SUPPLIED MATERIAL:

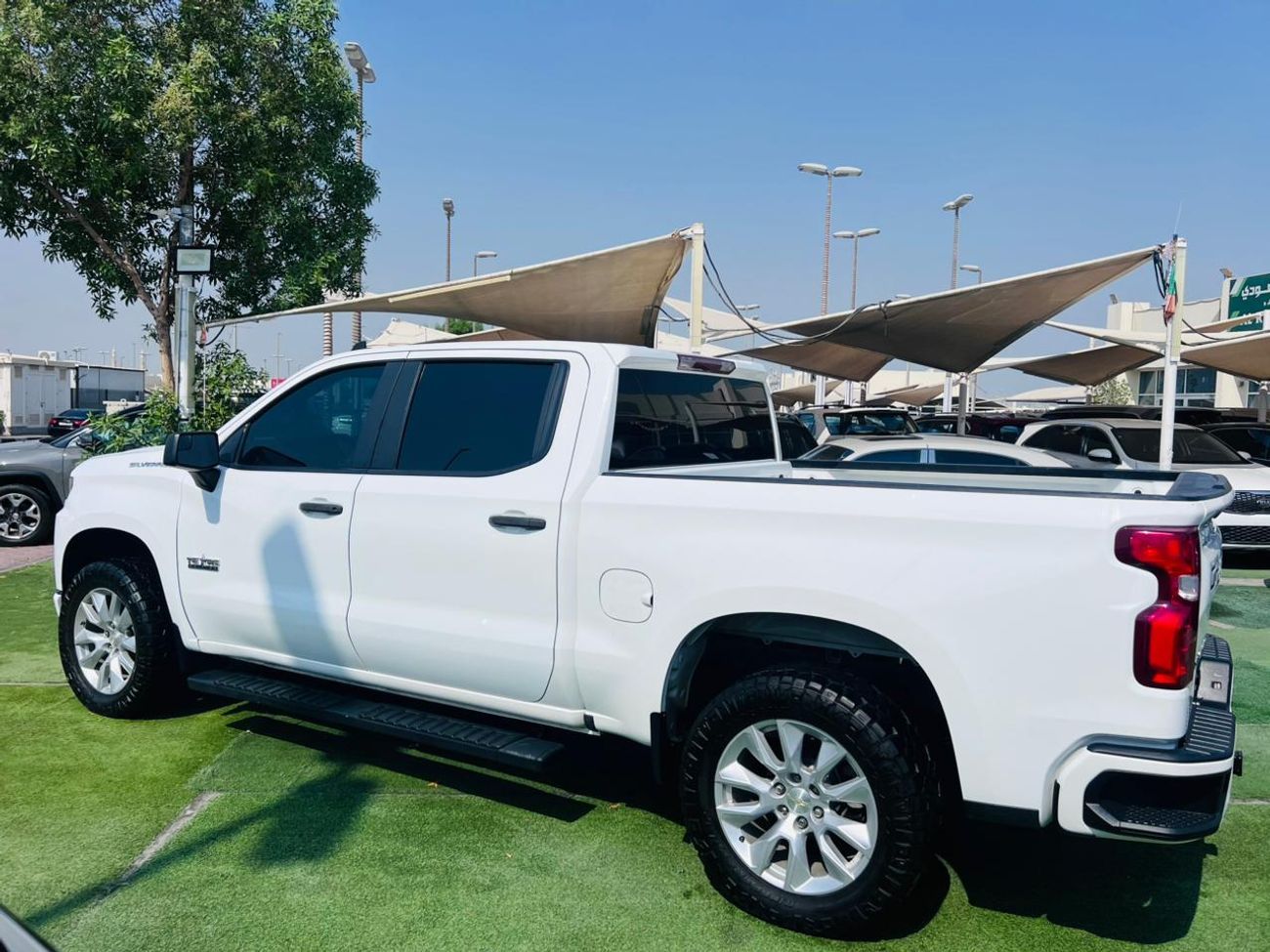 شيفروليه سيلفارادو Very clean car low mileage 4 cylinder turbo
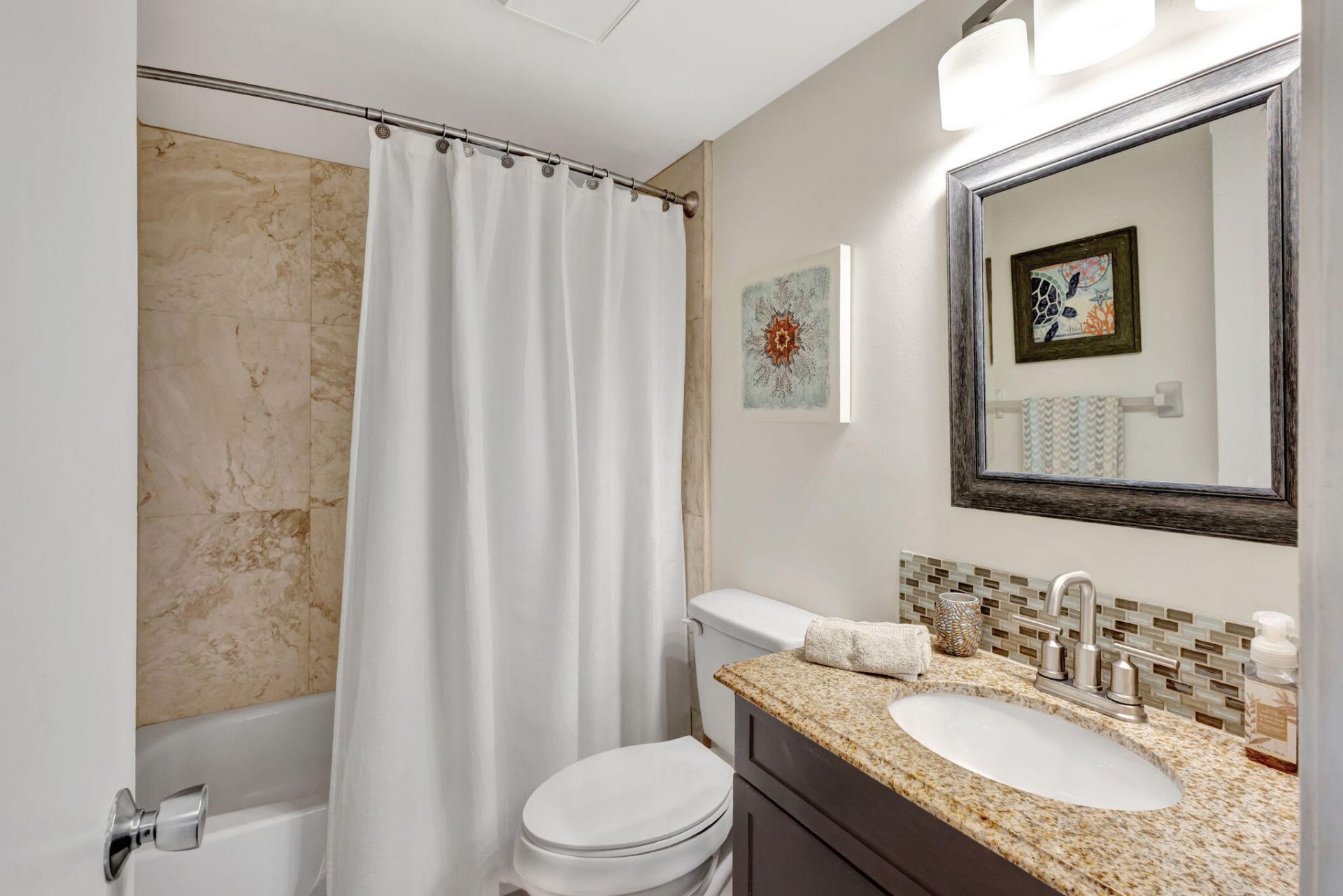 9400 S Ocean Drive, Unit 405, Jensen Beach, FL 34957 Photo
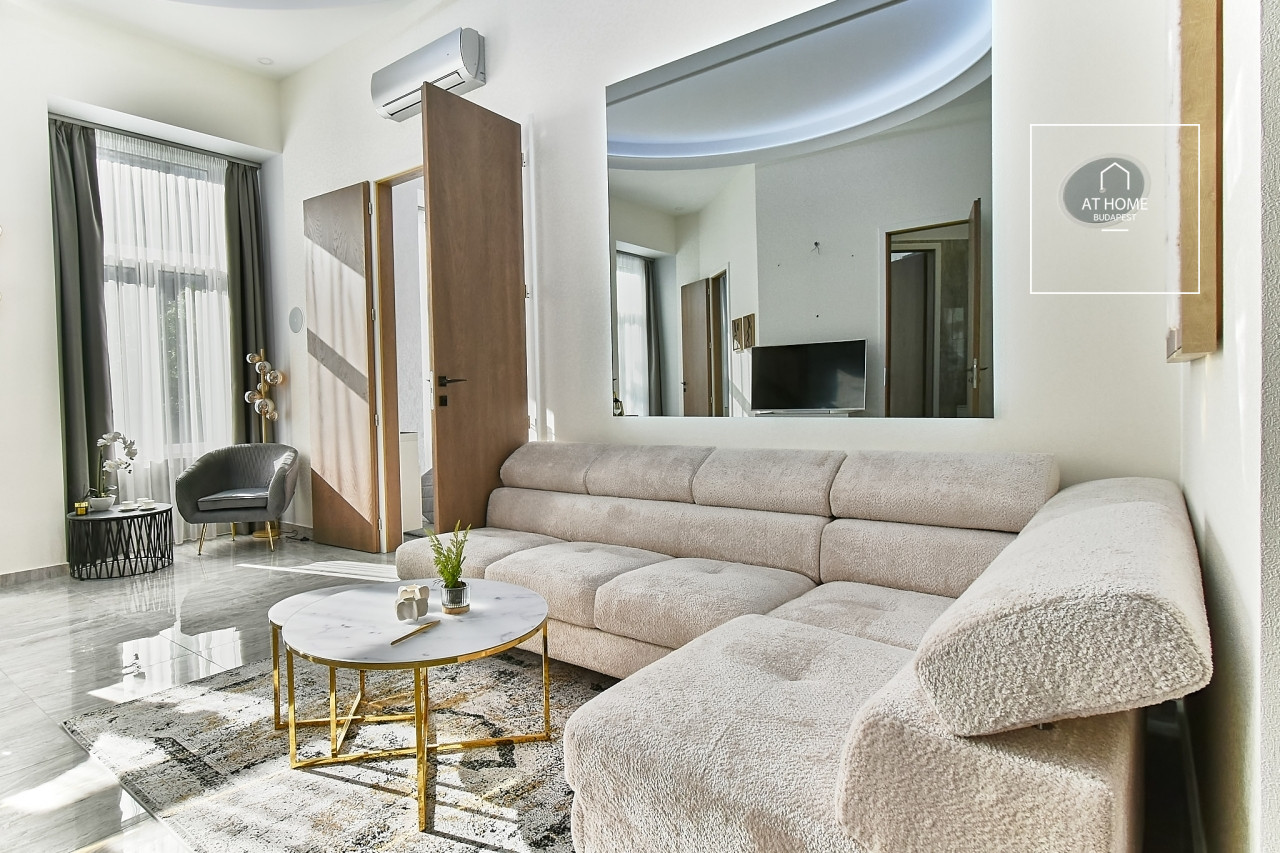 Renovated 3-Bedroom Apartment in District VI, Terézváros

ABOUT THIS EXERCISE: Copy the whole of the material above exactly, and exclude every picture.

EXERCISE SOLUTION:
 شيفروليه سيلفارادو Very clean car low mileage 4 cylinder turbo
 9400 S Ocean Drive, Unit 405, Jensen Beach, FL 34957 Photo
 Renovated 3-Bedroom Apartment in District VI, Terézváros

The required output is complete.